Kendati demikian, dia menegaskan level utang Spindo akan meningkat karena perusahaan membutuhkan investasi yang cukup besar dan cukup tergantung dengan pendanaan yang periodenya jangka pendek. Grieser mencatat Spindo berupaya mempertahankan invesntorinya dalam jumlah seimbang, mengingat 65% bahan baku perseroan diimpor dalam jumlah besar. Meski perseroan mempertahankan jumlah inventorinya di level rendah sejak kuartal III/2017, penyimpanan perseroan terbilang masih cukup besar.

Moody’s memprediksi belanja modal Spindo akan berada di level rendah pada 2018—2019, untuk menekan risiko keuangan perseroan. Sebagian besar belanja modal tersebut akan dialokasikan untuk membangun gudang penyimpanan guna meningkatkan penjualan perseroan di pasar domestik. Adapun, Moody’s menyebut entitas berpeluang kembali meningkatkan rating Spindo menjadi stable jika perseroan mampu mempertahankan tingkat EBITDA yang stabil. Sebaliknya, Moody’s bisa saja menurunkan lagi peringkat jika perusahaan tidak dapat menjaga level EBITDA.
Sebagai informasi, Spindo tahun ini menargetkan pendapatan tumbuh 20% dan untuk memenuhi target tersebut, perseroan mengincar beberapa proyek baru dan salah satunya proyek yang didapat adalah pengadaan pipa transmisi ruas Cirebon-Semarang. Deputy President DirectorSteel Pipe Industry of Indonesia, Tedja Sukmana Hudianto pernah mengatakan, target kontrak proyek tersebut ialah bulan Oktober atau November 2018. "Terhitung sampai Mei 2018, order pipa mencapai 150.000 ton," kata Tedja.

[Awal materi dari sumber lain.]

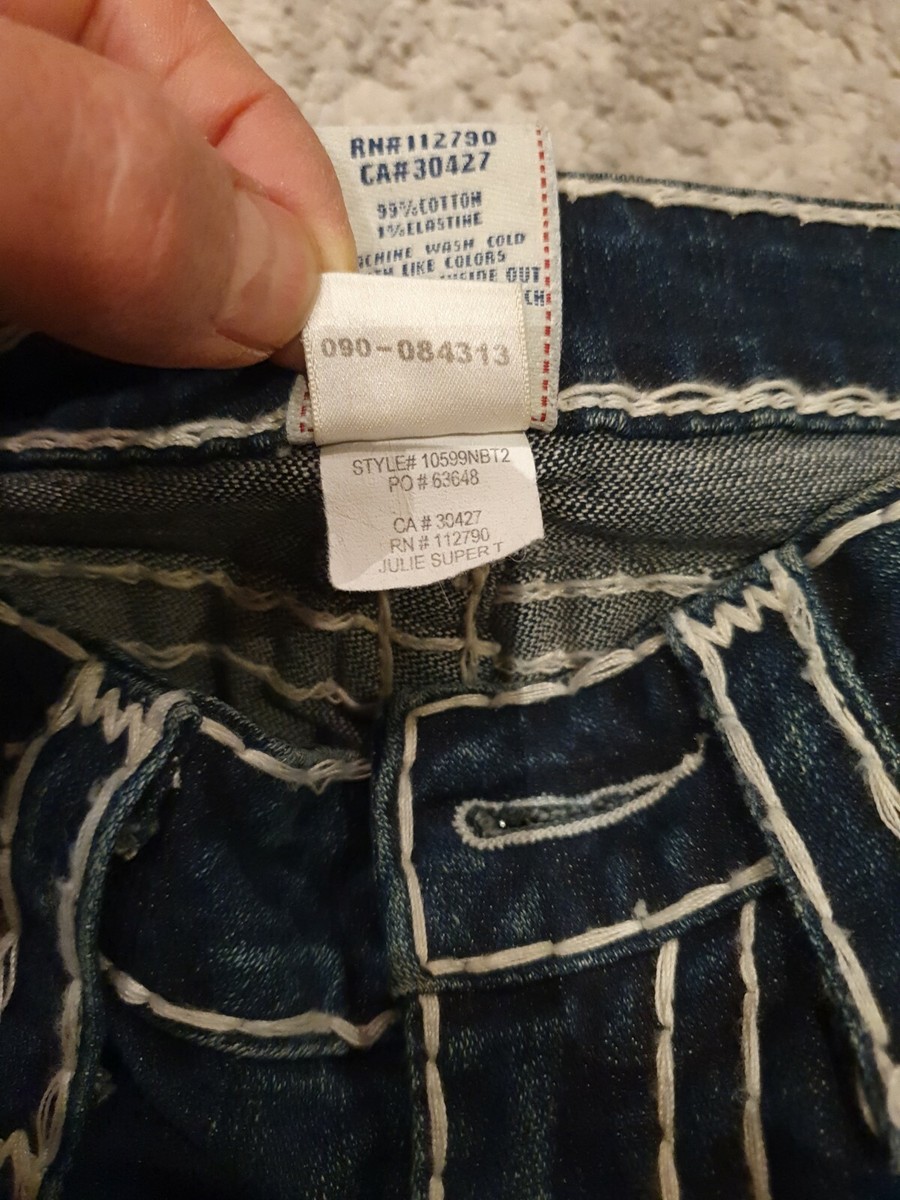 Authentic true religion jeans Julie Super T Size 26 | eBay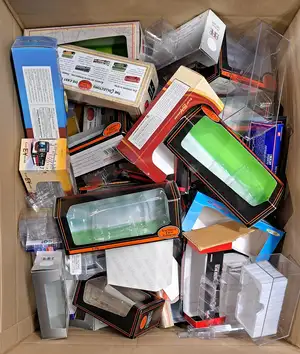 Creative Master Northcord, EFE, Corgi and similar, a large group comprising of Empty Boxes, Rigid Perspex Cases, Packaging and similar
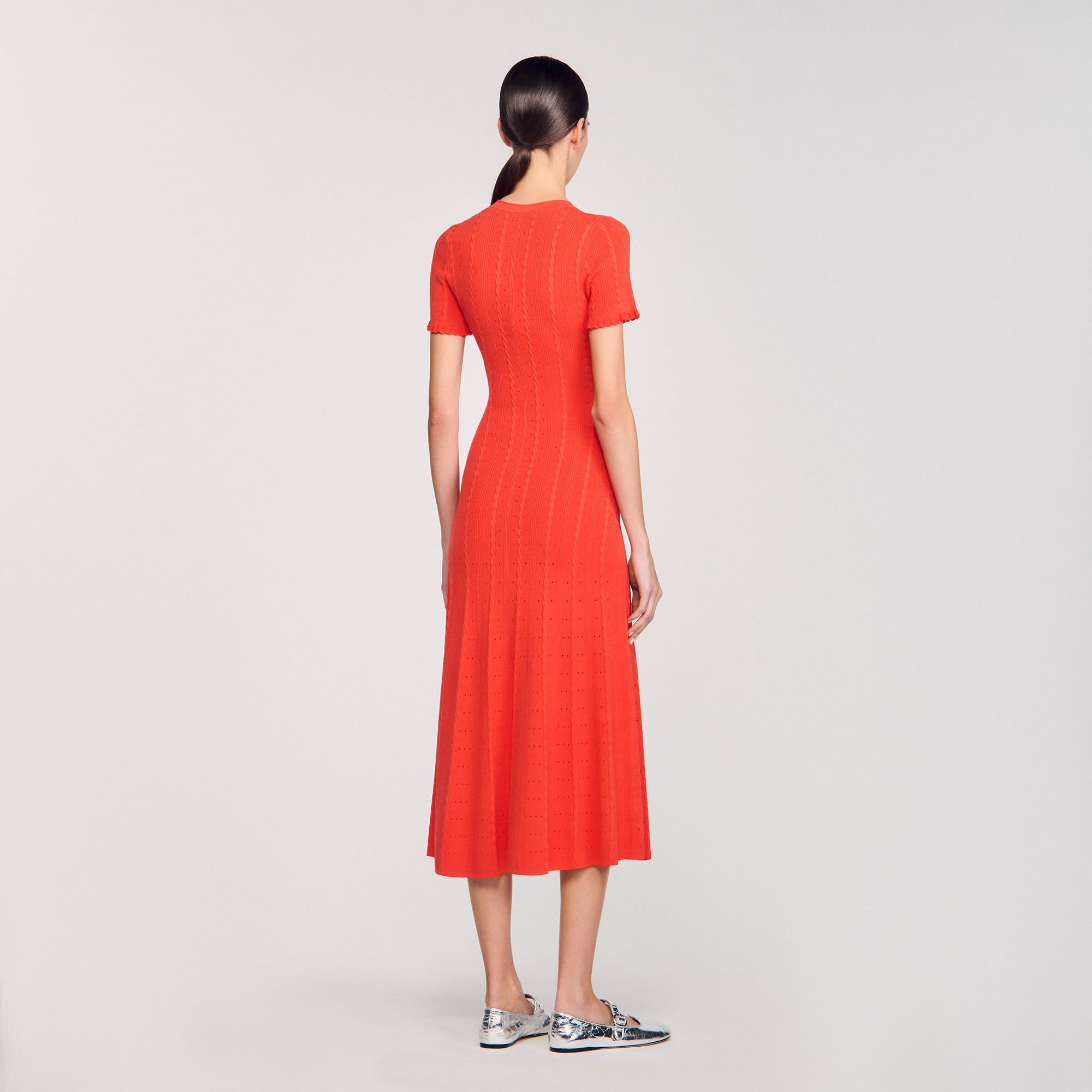 Sandro Women Knit maxi dress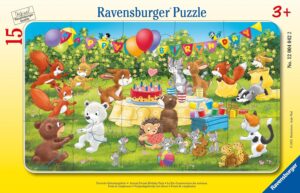 Детски пъзел Ravensburger от 15 части - Парти за рожден ден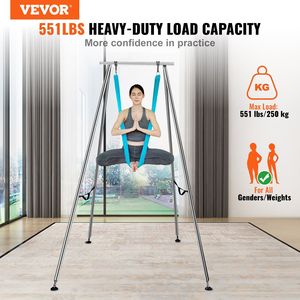 Professional 9.67 ft Height Aerial Yoga <b>Frame</b> <b>Swing</b> Stand with 13.1 Yards Yoga Hammock Max Capacity 551 Lbs - Product Image 2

Untuk memenuhi permintaan konsumennya, perseroan menargetkan dapat memproduksi pipa sebanyak 370.000 ton. Namun sayangnya, Tedja enggan merinci lebih detail kemana target konsumen dari produk pipa tersebut. Beberapa proyek tersebut antara lain pembangunan dermaga Gili Mas, Lombok yang dikerjakan oleh PT Pembangunan Perumahan (PTPP), serta pembangunan Tanjung Jati Expansion dengan kontraktor PT JFE Shoji Trade Indonesia.